The United States Centre for International Religious Freedom (USCIRF), a US government body that monitors religious freedom in countries around the world, has recommended that India be designated as a “country of particular concern” (CPC) for the second consecutive year.
In a ‘virtual launch’ unveiling its 2021 annual report, USCIRF chair Gayle Manchin said that past year had been “challenging for most nations trying to balance public health concerns alongside the fundamental right to freedom of religion or belief”.
In the 2021 Annual Report, USCIRF recommends 14 countries to the State Department for designation as “countries of particular concern” (CPCs) because their governments engage in or tolerate “systematic, ongoing, and egregious violations.”
These include 10 countries that the US State Department designated as CPCs in December 2020—Burma, China, Eritrea, Iran, Nigeria, North Korea, Pakistan, Saudi Arabia, Tajikistan, and Turkmenistan—as well as four others—India, Russia, Syria, and Vietnam.
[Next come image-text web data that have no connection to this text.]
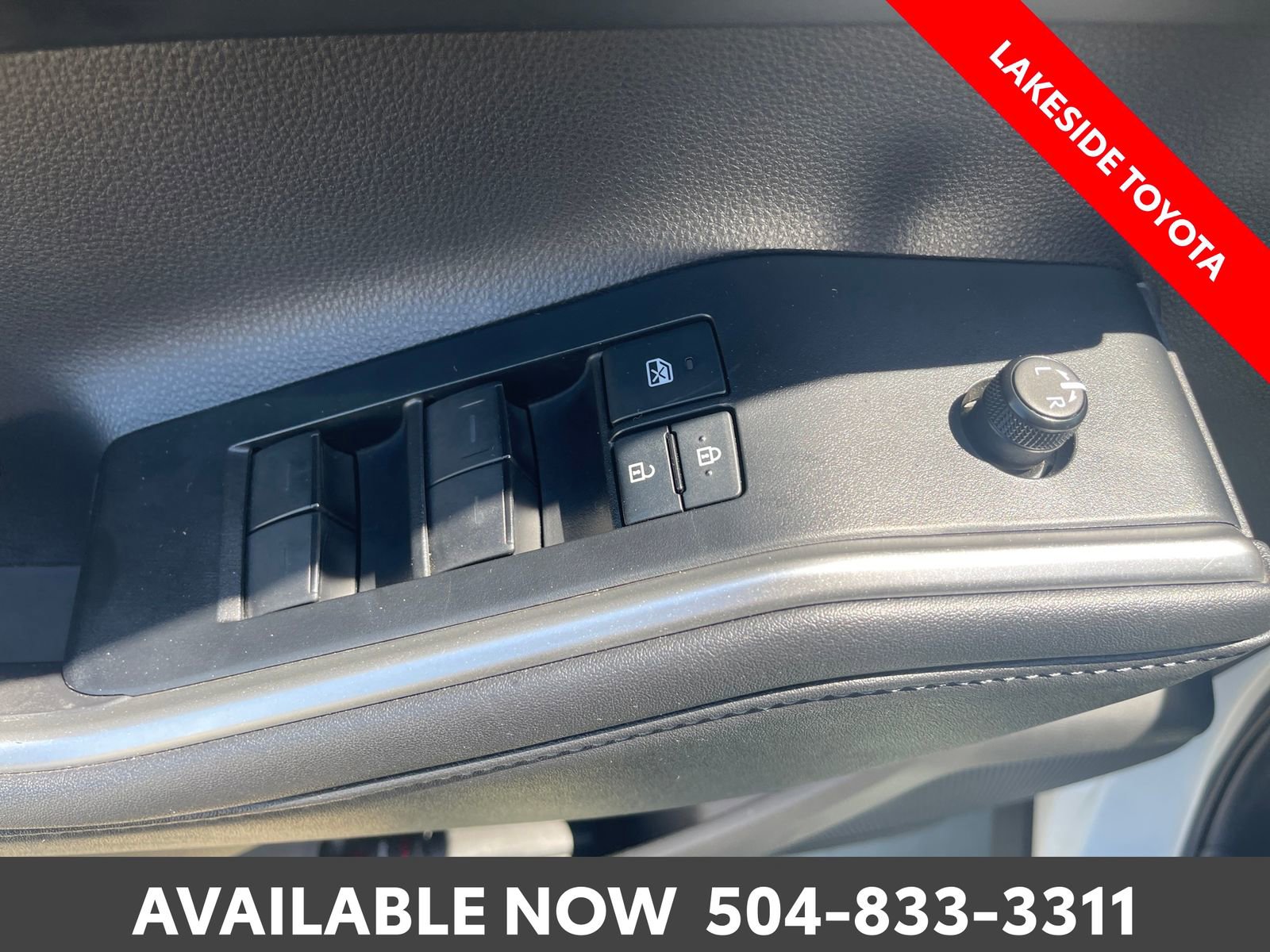 Used 2022 Toyota Highlander XSE FWD image 25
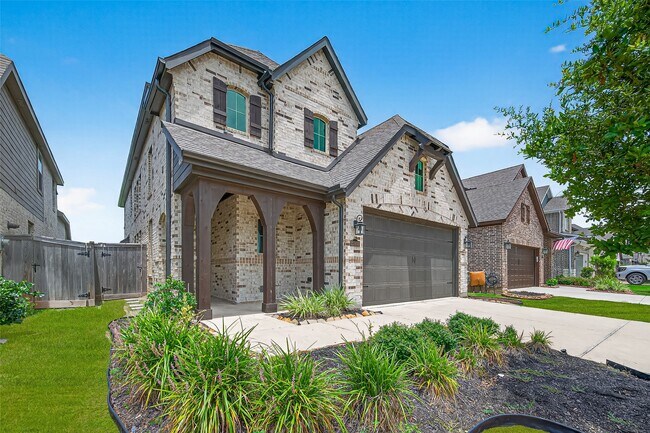 Building Photo - 23806 Pullin Market Dr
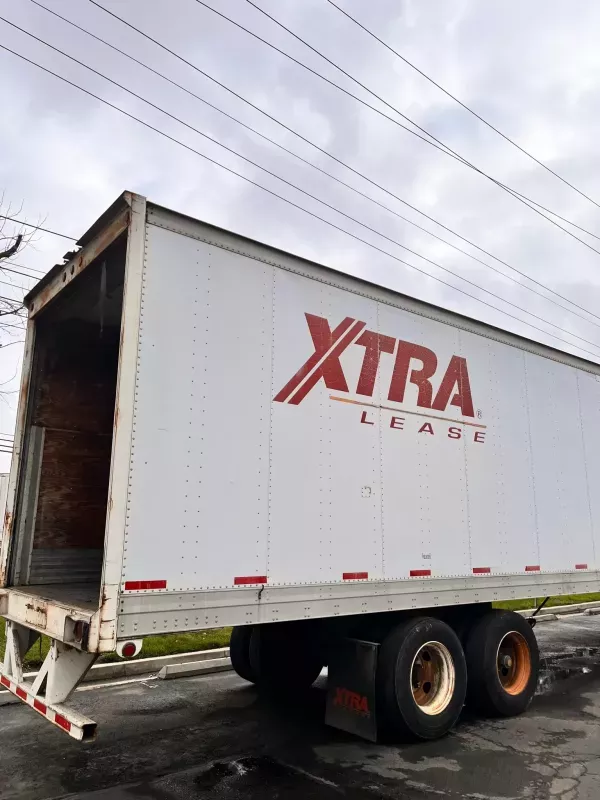 used Dry Van Semi Trailers Hyundai  for sale, in Pomona, CA Thumbnail 5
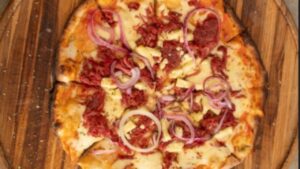 Pizza de carne seca fácil para fazer em casa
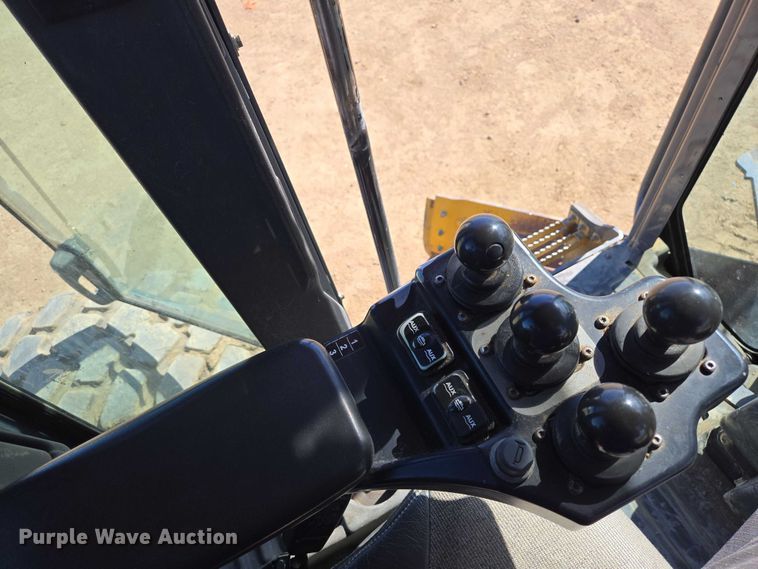 image for item EV5910 2010 John Deere 872GP motor grader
“We urge the Biden administration and Congress to champion religious freedom and to center the safety and dignity of religious communities as foreign policy priorities. “
“USCIRF recommends that the administration should immediately increase the annual ceiling for refugees; and definitively and publicly conclude that the atrocities committed against the Rohingya people by the Burmese military constitute genocide and take action accordingly; as the State Department recently determined regarding China’s genocide against Uyghur and other Turkic Muslims.” USCIRF Vice Chair Anurima Bhargava added.